## WHAT THIS TASK INVOLVES:
Where the records below reach the line containing "FOREVER 21 Satin Handkerchief Cami - Red", start transcribing, and end with the line containing "Kat schilderen van", exactly and with nothing else added.

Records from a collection
- - - - -

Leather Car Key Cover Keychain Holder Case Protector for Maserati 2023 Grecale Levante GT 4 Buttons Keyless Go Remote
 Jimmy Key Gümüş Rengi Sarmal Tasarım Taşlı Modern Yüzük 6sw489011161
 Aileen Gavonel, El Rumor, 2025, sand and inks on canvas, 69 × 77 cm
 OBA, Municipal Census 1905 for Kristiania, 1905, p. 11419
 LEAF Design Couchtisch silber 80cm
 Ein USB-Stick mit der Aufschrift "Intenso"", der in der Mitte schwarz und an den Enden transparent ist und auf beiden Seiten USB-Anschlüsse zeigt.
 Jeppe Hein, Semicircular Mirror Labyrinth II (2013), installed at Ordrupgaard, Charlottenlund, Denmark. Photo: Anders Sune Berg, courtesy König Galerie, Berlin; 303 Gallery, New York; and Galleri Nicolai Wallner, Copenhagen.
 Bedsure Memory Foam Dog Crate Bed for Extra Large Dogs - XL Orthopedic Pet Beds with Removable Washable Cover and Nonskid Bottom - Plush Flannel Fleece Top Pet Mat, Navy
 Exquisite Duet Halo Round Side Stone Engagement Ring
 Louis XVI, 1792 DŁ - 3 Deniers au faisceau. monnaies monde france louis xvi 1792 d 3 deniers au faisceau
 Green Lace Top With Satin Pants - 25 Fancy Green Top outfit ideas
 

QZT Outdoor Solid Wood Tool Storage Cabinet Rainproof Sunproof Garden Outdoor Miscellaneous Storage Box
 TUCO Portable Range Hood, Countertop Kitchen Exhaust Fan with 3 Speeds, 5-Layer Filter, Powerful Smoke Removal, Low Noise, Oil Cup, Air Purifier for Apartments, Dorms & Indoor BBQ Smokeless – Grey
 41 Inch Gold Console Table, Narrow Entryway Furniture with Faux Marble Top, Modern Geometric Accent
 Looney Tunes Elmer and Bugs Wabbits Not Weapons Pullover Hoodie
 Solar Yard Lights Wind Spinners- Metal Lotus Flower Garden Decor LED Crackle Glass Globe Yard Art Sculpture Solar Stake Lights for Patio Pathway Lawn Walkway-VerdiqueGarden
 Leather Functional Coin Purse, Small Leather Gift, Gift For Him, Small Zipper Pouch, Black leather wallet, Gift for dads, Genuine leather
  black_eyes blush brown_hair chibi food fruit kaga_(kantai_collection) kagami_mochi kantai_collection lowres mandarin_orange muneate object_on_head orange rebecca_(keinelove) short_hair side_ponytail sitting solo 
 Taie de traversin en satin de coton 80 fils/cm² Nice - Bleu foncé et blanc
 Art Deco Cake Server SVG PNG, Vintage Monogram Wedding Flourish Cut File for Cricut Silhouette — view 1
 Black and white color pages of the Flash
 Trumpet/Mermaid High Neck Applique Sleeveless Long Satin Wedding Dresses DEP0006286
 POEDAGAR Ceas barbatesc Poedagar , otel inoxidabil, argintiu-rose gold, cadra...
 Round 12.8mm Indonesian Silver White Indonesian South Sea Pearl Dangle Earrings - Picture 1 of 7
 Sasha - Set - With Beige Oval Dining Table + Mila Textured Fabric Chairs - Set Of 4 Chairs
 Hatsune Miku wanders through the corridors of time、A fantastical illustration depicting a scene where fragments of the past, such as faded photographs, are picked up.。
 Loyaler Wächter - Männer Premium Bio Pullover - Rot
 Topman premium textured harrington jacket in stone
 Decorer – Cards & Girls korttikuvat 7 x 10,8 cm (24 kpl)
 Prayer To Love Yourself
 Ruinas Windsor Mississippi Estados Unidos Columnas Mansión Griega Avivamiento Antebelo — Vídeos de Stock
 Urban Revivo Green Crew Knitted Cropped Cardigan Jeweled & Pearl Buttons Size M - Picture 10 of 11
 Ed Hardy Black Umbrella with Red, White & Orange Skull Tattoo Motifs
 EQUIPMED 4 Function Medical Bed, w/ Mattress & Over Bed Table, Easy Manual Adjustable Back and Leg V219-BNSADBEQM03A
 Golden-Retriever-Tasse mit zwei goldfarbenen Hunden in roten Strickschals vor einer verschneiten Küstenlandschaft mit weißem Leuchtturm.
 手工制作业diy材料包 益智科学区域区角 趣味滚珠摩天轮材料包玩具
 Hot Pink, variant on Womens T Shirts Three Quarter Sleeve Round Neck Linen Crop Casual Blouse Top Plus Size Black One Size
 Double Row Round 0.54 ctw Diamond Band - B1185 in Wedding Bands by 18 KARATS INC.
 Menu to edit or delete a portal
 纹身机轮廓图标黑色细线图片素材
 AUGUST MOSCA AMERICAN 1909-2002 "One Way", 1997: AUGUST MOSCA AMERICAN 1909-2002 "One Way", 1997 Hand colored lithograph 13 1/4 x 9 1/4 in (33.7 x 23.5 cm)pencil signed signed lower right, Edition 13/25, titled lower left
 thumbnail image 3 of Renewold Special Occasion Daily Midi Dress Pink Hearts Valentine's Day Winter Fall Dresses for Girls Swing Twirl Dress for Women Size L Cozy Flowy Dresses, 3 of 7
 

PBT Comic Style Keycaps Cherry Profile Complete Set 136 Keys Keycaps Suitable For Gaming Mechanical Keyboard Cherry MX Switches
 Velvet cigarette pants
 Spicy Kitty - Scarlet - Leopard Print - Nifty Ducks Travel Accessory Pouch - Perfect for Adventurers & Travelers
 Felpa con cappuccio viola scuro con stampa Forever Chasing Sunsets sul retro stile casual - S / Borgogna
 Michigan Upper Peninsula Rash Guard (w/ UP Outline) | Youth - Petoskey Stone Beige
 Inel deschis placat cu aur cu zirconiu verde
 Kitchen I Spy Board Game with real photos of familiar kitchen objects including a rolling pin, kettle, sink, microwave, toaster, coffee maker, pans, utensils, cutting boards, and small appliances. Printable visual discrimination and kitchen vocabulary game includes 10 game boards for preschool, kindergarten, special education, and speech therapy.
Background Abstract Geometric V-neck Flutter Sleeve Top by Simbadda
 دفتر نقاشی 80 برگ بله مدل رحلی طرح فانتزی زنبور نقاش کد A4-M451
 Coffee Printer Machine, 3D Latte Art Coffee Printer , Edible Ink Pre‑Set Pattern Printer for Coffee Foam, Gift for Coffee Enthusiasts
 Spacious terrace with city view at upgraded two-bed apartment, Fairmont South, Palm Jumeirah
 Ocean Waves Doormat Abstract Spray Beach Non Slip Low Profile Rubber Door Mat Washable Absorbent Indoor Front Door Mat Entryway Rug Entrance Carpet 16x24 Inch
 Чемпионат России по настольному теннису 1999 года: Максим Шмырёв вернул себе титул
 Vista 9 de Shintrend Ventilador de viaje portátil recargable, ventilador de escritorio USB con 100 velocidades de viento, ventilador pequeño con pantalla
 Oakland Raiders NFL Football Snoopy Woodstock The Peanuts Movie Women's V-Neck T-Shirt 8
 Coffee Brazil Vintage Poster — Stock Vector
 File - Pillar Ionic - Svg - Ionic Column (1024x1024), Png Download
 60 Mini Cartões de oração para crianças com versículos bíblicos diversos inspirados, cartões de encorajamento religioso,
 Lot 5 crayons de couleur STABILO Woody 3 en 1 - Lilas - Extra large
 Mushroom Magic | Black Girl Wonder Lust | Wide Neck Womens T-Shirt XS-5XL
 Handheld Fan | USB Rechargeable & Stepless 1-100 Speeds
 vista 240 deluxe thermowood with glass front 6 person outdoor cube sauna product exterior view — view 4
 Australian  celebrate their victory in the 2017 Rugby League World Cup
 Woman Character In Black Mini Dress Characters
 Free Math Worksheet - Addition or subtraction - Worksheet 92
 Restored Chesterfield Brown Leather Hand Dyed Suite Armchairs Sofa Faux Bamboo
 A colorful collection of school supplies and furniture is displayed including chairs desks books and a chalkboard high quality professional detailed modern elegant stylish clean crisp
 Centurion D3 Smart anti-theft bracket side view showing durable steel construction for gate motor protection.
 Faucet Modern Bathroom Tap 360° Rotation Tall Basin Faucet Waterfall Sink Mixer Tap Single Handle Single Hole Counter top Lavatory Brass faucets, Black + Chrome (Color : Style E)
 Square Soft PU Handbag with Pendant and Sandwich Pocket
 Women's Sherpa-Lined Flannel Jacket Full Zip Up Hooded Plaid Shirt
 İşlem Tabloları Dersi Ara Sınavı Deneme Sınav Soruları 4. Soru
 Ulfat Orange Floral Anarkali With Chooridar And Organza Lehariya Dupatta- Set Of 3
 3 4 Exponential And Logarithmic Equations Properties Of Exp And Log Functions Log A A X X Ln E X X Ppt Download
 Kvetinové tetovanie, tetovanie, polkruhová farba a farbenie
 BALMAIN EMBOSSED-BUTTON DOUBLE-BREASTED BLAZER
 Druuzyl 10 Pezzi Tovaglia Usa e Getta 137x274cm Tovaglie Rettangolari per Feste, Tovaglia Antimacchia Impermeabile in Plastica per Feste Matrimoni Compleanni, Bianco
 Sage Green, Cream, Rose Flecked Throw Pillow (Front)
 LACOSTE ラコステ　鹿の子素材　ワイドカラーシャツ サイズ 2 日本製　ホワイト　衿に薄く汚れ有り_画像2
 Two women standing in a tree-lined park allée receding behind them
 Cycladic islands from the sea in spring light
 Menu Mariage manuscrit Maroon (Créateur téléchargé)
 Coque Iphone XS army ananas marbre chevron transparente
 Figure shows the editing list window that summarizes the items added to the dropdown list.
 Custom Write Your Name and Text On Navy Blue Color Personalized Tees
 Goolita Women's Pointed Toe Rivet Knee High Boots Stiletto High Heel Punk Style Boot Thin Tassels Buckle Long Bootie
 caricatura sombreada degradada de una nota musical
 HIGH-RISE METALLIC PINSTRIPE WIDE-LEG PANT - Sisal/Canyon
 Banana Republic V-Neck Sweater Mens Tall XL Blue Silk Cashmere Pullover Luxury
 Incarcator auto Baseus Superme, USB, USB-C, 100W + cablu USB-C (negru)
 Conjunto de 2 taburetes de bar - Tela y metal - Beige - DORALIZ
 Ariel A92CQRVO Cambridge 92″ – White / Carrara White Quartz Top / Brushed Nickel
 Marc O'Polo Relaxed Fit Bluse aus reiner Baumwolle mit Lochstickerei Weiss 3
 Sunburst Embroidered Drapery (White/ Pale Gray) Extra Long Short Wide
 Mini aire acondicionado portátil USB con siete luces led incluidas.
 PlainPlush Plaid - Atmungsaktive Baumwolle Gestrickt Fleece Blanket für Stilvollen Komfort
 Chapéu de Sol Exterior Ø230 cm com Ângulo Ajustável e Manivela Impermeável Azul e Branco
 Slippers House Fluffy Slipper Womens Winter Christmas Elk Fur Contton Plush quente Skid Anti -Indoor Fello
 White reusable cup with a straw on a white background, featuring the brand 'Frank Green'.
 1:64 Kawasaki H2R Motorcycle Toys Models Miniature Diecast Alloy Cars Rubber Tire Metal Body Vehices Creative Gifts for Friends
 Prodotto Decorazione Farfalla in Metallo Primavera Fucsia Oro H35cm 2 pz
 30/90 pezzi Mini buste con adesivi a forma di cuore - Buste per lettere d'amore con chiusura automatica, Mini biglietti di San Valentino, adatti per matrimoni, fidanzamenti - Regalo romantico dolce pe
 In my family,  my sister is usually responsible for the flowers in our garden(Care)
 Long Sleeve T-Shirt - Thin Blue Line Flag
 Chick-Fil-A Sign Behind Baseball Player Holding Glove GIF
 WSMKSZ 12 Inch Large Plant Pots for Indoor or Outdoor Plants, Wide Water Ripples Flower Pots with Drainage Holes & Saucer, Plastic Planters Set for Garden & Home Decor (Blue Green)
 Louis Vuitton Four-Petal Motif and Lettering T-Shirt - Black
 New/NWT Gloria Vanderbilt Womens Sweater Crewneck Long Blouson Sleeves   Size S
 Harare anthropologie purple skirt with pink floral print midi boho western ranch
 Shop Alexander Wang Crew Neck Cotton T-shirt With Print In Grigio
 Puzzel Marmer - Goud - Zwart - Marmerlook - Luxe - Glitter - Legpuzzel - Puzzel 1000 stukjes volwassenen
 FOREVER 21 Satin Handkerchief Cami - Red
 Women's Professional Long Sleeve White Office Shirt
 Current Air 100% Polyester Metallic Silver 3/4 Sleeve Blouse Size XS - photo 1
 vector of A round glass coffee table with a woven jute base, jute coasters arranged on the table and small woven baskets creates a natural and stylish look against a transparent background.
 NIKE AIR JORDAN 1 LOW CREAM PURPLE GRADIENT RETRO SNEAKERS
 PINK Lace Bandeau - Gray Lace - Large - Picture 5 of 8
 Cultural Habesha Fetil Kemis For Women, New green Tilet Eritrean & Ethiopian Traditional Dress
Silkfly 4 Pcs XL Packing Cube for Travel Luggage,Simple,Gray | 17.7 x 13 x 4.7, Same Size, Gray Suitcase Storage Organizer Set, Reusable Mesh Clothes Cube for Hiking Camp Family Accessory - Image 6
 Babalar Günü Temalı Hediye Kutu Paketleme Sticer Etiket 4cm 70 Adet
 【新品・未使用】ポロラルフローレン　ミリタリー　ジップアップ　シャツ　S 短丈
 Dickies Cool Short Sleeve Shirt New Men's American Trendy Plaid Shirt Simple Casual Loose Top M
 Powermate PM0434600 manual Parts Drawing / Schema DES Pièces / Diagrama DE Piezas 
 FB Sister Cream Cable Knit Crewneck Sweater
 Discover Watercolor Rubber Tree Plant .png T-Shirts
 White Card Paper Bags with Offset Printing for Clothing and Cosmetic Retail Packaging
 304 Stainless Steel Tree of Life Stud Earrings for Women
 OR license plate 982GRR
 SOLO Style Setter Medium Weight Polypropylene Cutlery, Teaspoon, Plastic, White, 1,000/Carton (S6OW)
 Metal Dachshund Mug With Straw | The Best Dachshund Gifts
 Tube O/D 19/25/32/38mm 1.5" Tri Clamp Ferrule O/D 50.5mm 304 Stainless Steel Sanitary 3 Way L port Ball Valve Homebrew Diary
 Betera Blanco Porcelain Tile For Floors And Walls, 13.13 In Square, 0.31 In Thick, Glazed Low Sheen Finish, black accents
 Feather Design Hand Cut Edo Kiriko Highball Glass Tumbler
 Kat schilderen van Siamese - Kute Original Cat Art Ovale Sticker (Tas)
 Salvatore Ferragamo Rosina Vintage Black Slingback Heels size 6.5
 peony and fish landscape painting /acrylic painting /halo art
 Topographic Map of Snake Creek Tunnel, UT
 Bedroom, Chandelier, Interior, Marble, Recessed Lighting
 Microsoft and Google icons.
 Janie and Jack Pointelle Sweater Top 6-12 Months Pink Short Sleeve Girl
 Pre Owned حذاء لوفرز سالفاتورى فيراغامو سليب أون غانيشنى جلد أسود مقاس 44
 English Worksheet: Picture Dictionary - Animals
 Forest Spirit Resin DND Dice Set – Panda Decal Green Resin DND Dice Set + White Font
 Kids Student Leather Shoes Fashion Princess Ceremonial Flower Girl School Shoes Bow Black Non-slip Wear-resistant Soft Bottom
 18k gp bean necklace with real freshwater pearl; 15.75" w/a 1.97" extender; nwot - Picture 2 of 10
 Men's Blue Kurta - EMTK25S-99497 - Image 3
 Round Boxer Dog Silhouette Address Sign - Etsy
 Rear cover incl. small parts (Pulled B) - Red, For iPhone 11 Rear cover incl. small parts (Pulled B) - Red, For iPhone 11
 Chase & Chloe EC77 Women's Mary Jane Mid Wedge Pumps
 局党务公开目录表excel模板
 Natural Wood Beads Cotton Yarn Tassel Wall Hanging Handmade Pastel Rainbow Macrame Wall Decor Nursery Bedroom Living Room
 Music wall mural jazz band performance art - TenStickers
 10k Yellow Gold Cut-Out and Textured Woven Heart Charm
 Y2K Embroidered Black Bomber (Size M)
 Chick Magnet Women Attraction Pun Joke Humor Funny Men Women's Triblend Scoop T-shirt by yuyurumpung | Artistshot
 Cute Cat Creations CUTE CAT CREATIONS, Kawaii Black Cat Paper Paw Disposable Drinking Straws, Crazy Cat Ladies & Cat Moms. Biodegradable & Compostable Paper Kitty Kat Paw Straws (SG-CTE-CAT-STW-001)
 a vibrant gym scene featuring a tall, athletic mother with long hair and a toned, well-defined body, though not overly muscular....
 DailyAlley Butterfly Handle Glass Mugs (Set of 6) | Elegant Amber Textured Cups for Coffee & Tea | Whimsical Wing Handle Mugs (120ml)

- - - - -

## FINISHED TASK:
 FOREVER 21 Satin Handkerchief Cami - Red
 Women's Professional Long Sleeve White Office Shirt
 Current Air 100% Polyester Metallic Silver 3/4 Sleeve Blouse Size XS - photo 1
 vector of A round glass coffee table with a woven jute base, jute coasters arranged on the table and small woven baskets creates a natural and stylish look against a transparent background.
 NIKE AIR JORDAN 1 LOW CREAM PURPLE GRADIENT RETRO SNEAKERS
 PINK Lace Bandeau - Gray Lace - Large - Picture 5 of 8
 Cultural Habesha Fetil Kemis For Women, New green Tilet Eritrean & Ethiopian Traditional Dress
Silkfly 4 Pcs XL Packing Cube for Travel Luggage,Simple,Gray | 17.7 x 13 x 4.7, Same Size, Gray Suitcase Storage Organizer Set, Reusable Mesh Clothes Cube for Hiking Camp Family Accessory - Image 6
 Babalar Günü Temalı Hediye Kutu Paketleme Sticer Etiket 4cm 70 Adet
 【新品・未使用】ポロラルフローレン　ミリタリー　ジップアップ　シャツ　S 短丈
 Dickies Cool Short Sleeve Shirt New Men's American Trendy Plaid Shirt Simple Casual Loose Top M
 Powermate PM0434600 manual Parts Drawing / Schema DES Pièces / Diagrama DE Piezas 
 FB Sister Cream Cable Knit Crewneck Sweater
 Discover Watercolor Rubber Tree Plant .png T-Shirts
 White Card Paper Bags with Offset Printing for Clothing and Cosmetic Retail Packaging
 304 Stainless Steel Tree of Life Stud Earrings for Women
 OR license plate 982GRR
 SOLO Style Setter Medium Weight Polypropylene Cutlery, Teaspoon, Plastic, White, 1,000/Carton (S6OW)
 Metal Dachshund Mug With Straw | The Best Dachshund Gifts
 Tube O/D 19/25/32/38mm 1.5" Tri Clamp Ferrule O/D 50.5mm 304 Stainless Steel Sanitary 3 Way L port Ball Valve Homebrew Diary
 Betera Blanco Porcelain Tile For Floors And Walls, 13.13 In Square, 0.31 In Thick, Glazed Low Sheen Finish, black accents
 Feather Design Hand Cut Edo Kiriko Highball Glass Tumbler
 Kat schilderen van Siamese - Kute Original Cat Art Ovale Sticker (Tas)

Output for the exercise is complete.